In Lakeland, FL, the faculty of Southeastern University is working with the Polk County Sheriff’s Officer to roll out the first “Sentinel Program” in the Sunshine State. The Sheriff’s Office said the program, which aims to enhance safety for everyone on campus, will not only authorize, but also train university employees to carry concealed firearms on campus.

“We are committed to providing the safest learning environment possible for our university community,” said Dr. Kent Ingle, President of Southeastern University, who is excited about the program.

After the university identifies the staff to carry, they will be screened by PCSO staff with criminal background checks, drug testing and a psychological evaluation. The staff members who pass the first screening process will then go through 132 hours of training with Sheriff’s Office, including nine blocks of instruction on firearms, active shooters and defensive tactics totaling 100 hours of firearms training alone. That’s 20 hours more firearms training than sheriff’s deputies receive. Additionally, university staff must pass at an 85-percent rate compared to the standard 80-percent.

Upon completing the Special Deputy Sheriff Sentinel Program Training, the sheriff will then appoint those staff members Volunteer Special Deputies.

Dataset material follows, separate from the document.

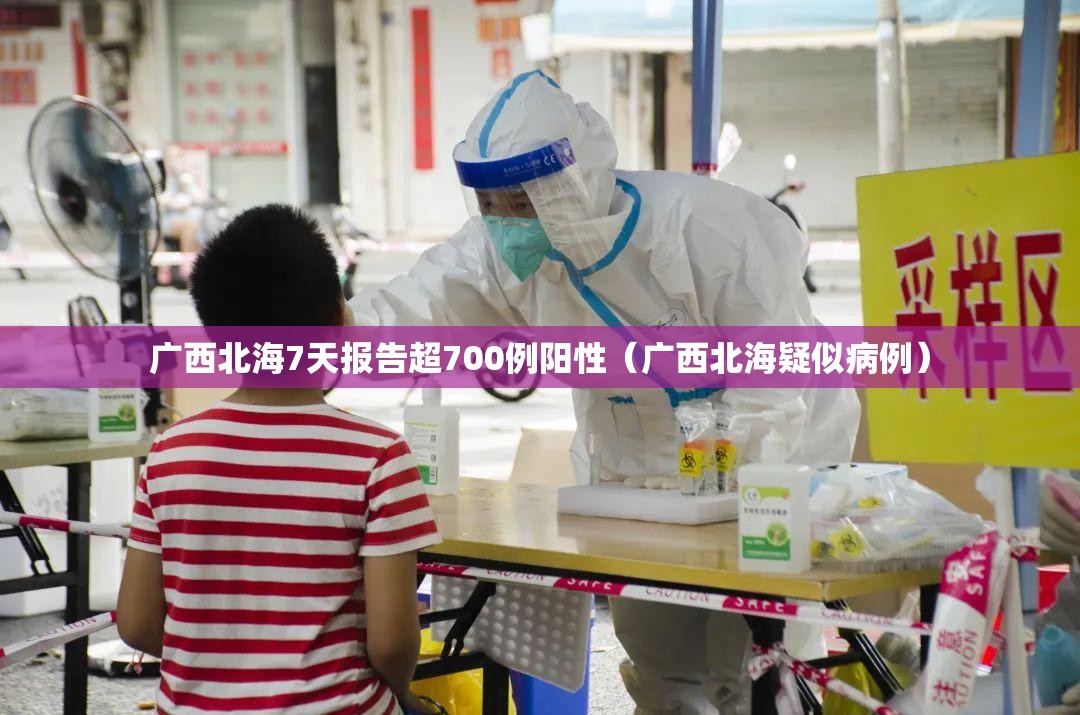 广西北海7天报告超700例阳性(广西北海疑似病例) 广西北海7天报告超700例阳性(广西北海疑似病例)
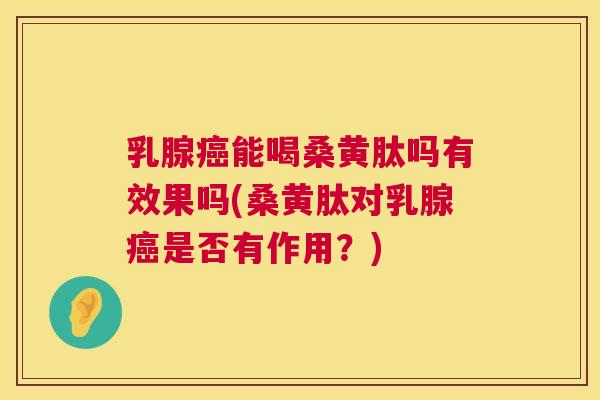 乳腺能喝桑黄肽吗有效果吗(桑黄肽对乳腺是否有作用?) 乳腺能喝桑黄肽吗有效果吗(桑黄肽对乳腺是否有作用?)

“We know one more critical thing we can do to reduce the number of lives impacted in an active assailant incident is a shorter response time for the good guys to interrupt and stop the bad guy,” said Polk County Sheriff Grady Judd at a news conference.

Sheriff Judd said the program will start with 10 armed faculty and staff members, but may add additional members once it is rolled out on the campus, which is home to approximately 6,000 students.